* **Task goal**
Find the line below with "Reguli de urmat dupa implantul de stent". Print it and every line after it exactly, through the last line, leaving out the pictures.

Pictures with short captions
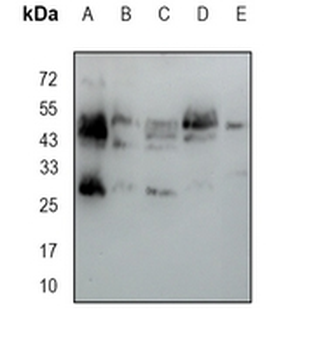 NGRH2 Rabbit Monoclonal Antibody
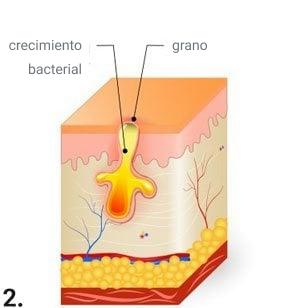 Fotos y etapas del acne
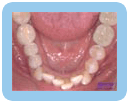 Lower Crowding - Orthodontic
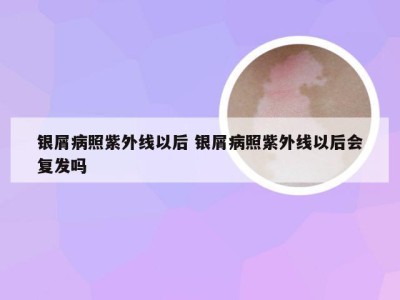 银屑病照紫外线以后 银屑病照紫外线以后会复发吗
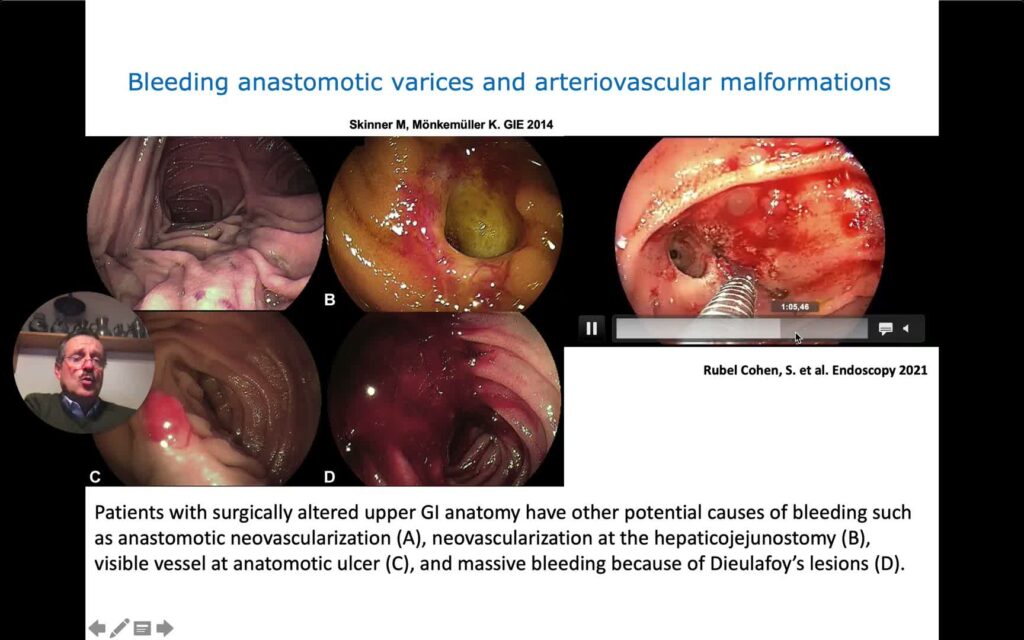 Nuevos Perspectivas En Endoscopía De Intestino Delgado 10 Nuevos Perspectivas En Endoscopía De Intestino Delgado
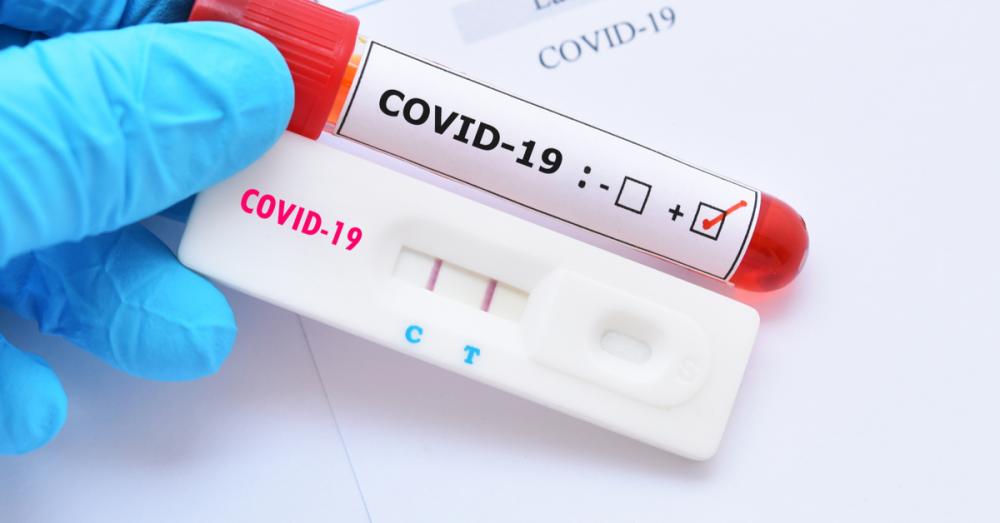 ANS decide se testes para covid-19 continuam obrigatórios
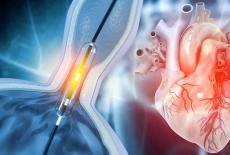 Reguli de urmat dupa implantul de stent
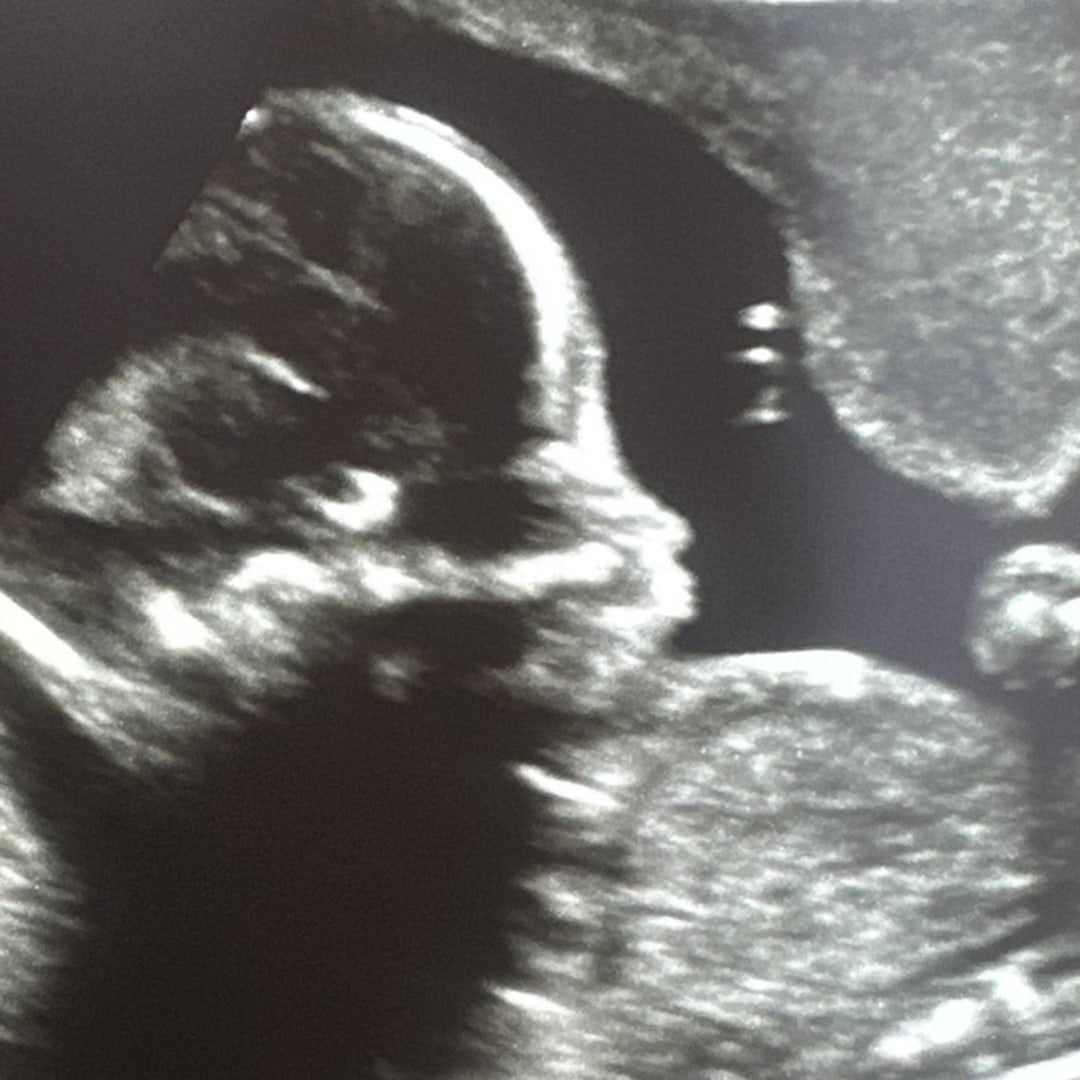 Photo shared by Elijah for their Babylist baby registry.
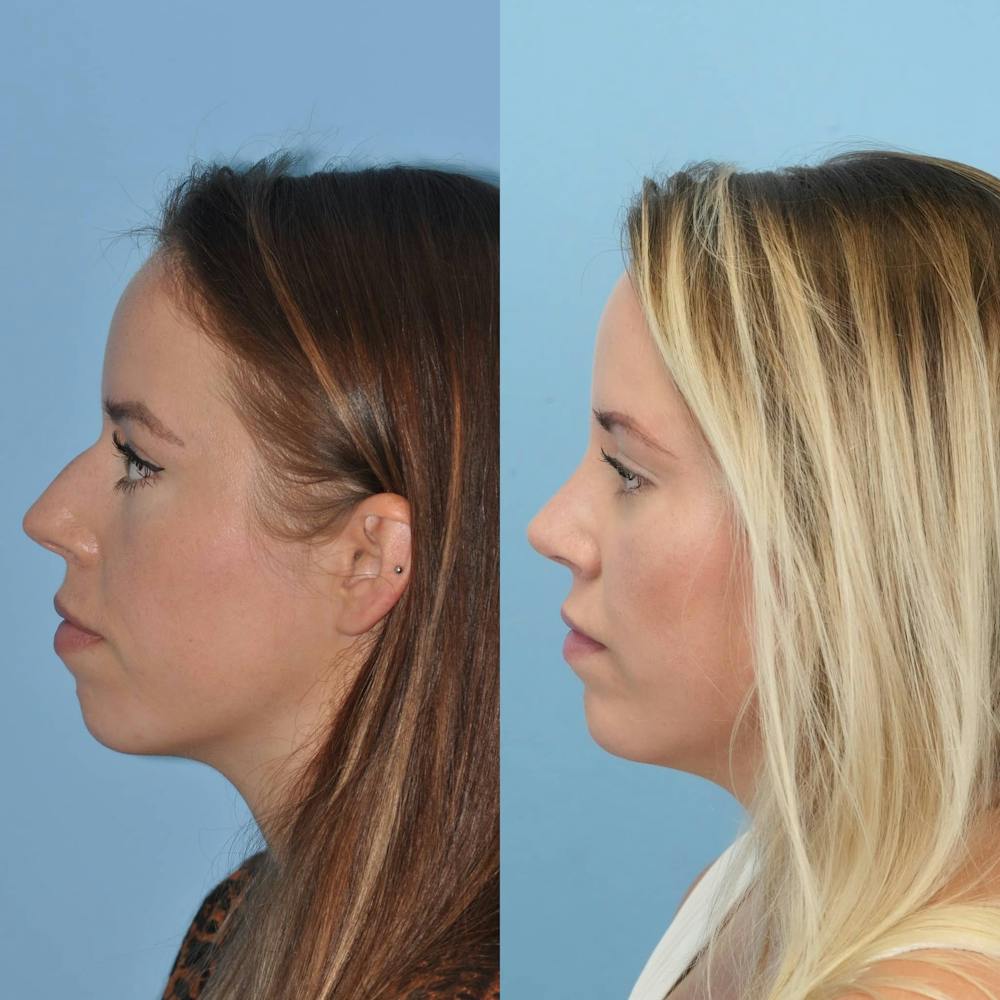 Rhinoplasty Before & After Gallery - Patient 797233 - Image 4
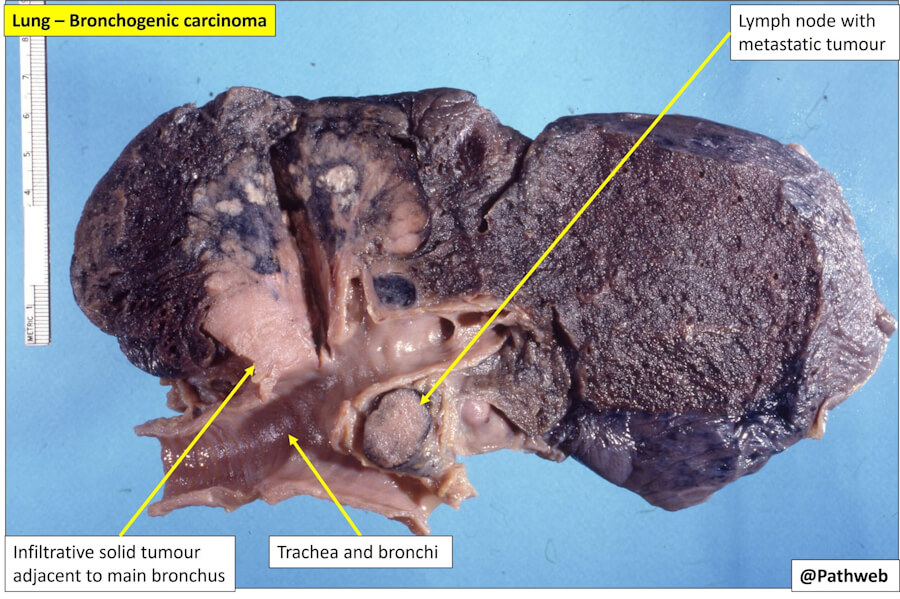 Lung Cancer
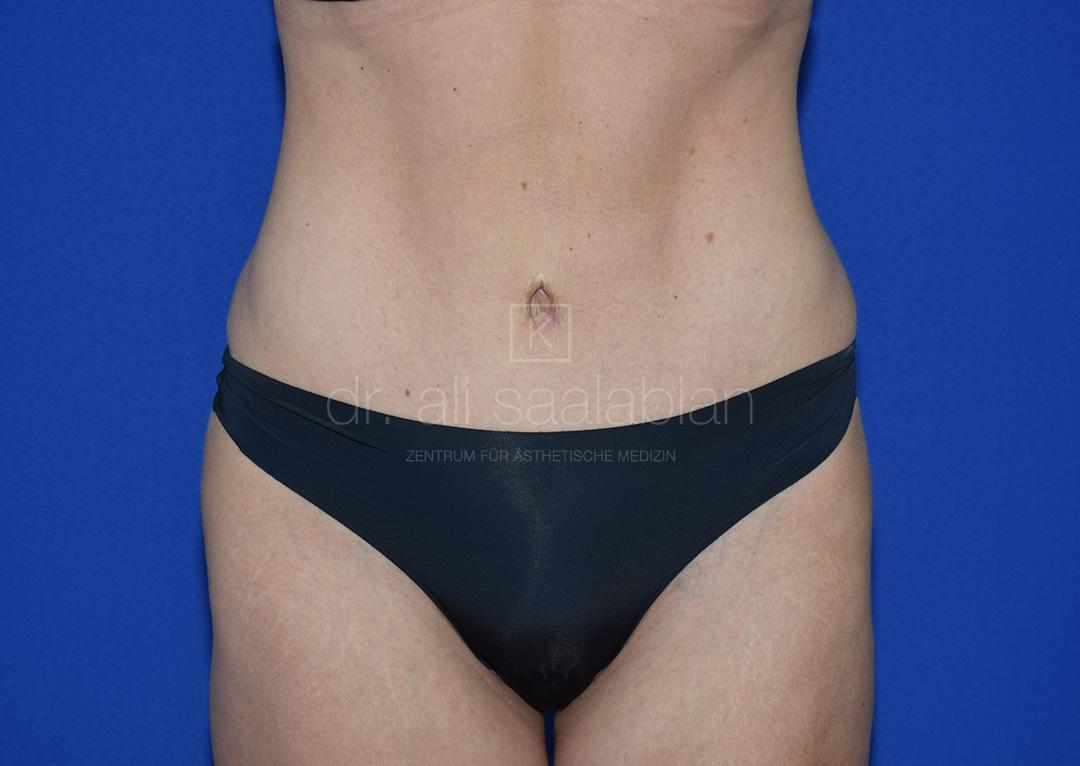 Bauchdeckenstraffung, 38 Vorher Nachher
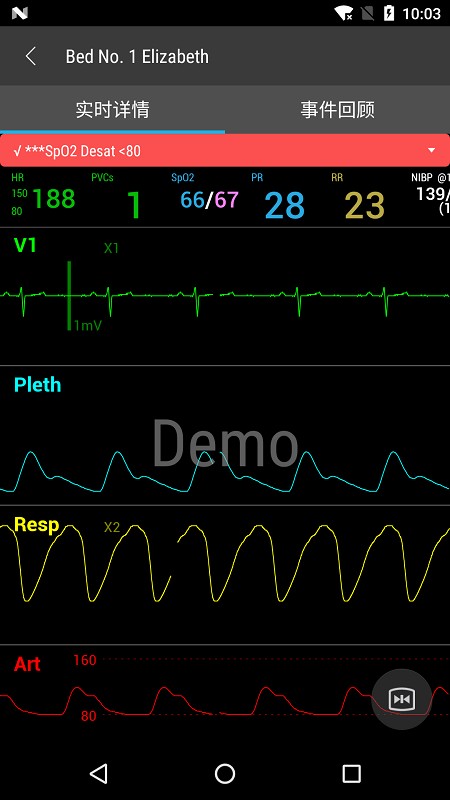 Mobile Viewer(胎心监护仪)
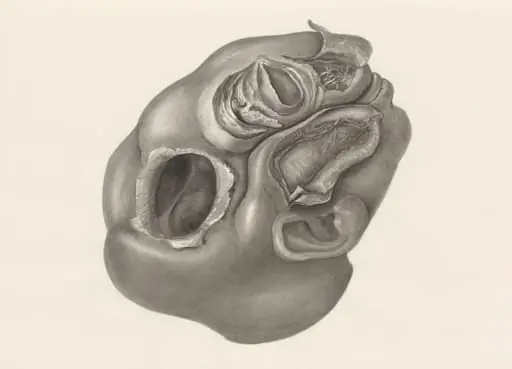 Deformed fetal head, lateral view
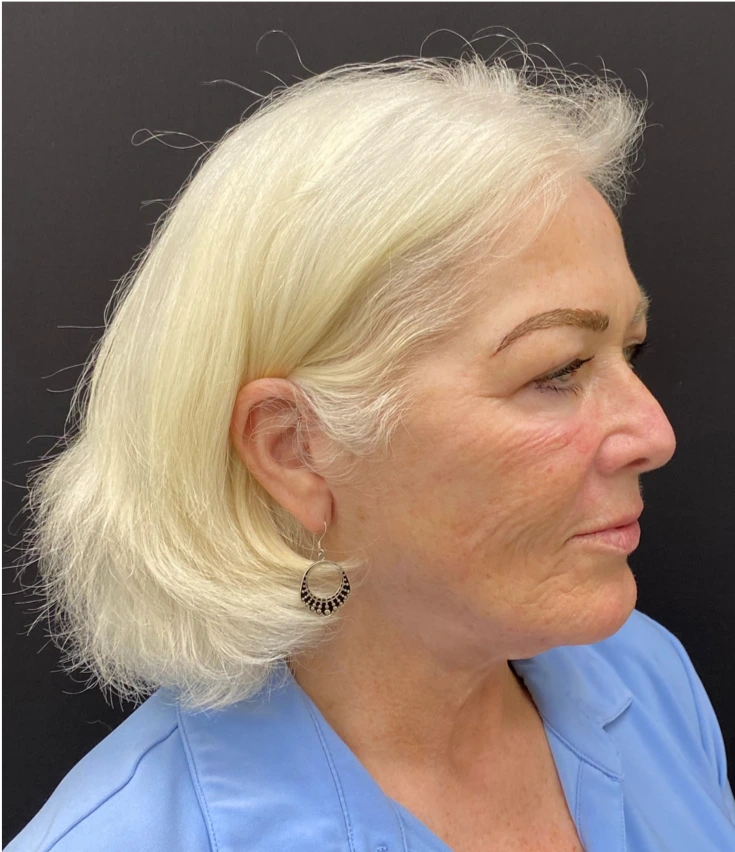 Facelift-Case--8874 | After Facelift 2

* **Exercise solution**
 Reguli de urmat dupa implantul de stent
 Photo shared by Elijah for their Babylist baby registry.
 Rhinoplasty Before & After Gallery - Patient 797233 - Image 4
 Lung Cancer
 Bauchdeckenstraffung, 38 Vorher Nachher
 Mobile Viewer(胎心监护仪)
 Deformed fetal head, lateral view
 Facelift-Case--8874 | After Facelift 2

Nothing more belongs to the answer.